Problem details
With pictures left out, please repeat word for word the lines from the one containing "Kate Middleton et" through the end of the records.
##############################
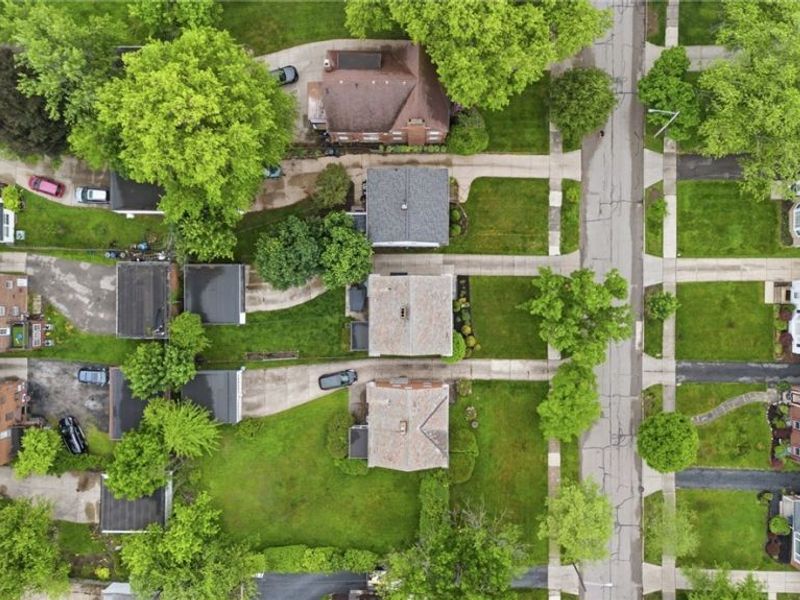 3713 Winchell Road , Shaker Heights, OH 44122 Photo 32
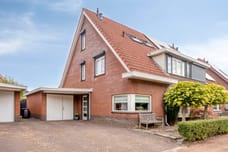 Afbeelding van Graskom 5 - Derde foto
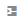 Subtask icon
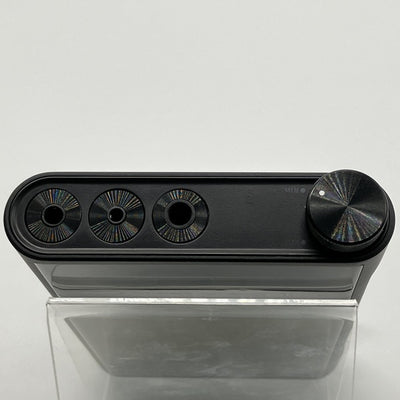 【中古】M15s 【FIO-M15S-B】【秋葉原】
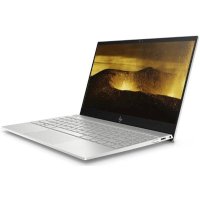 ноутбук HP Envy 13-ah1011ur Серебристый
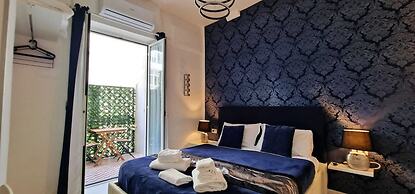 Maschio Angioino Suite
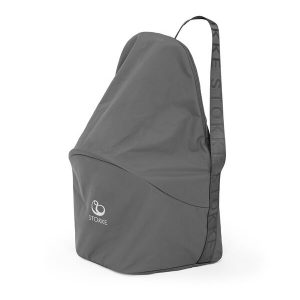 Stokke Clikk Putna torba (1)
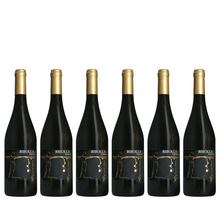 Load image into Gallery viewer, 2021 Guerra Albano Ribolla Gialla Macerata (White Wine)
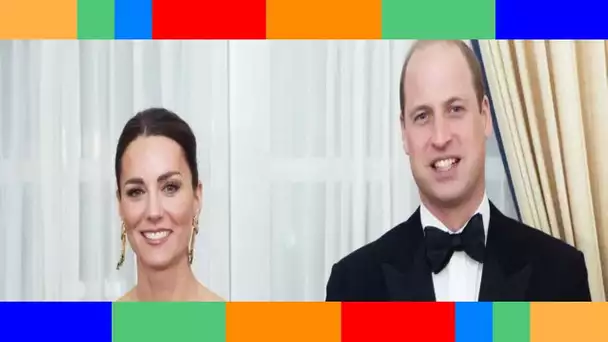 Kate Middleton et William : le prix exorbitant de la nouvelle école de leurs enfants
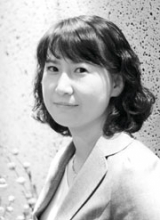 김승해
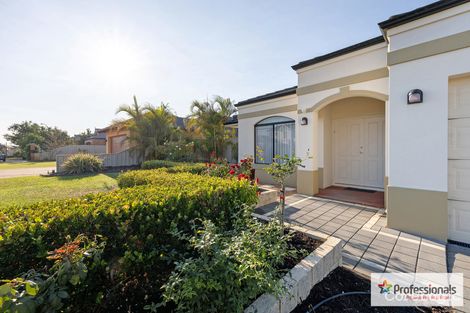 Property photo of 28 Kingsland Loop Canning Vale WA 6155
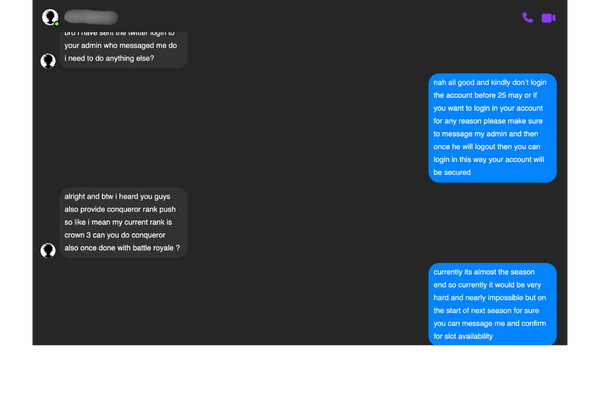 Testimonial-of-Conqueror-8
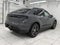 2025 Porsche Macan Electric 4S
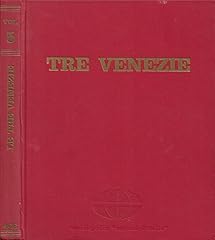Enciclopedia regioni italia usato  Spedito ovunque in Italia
##############################
Exercise output
 Kate Middleton et William : le prix exorbitant de la nouvelle école de leurs enfants
 김승해
 Property photo of 28 Kingsland Loop Canning Vale WA 6155
 Testimonial-of-Conqueror-8
 2025 Porsche Macan Electric 4S
Enciclopedia regioni italia usato  Spedito ovunque in Italia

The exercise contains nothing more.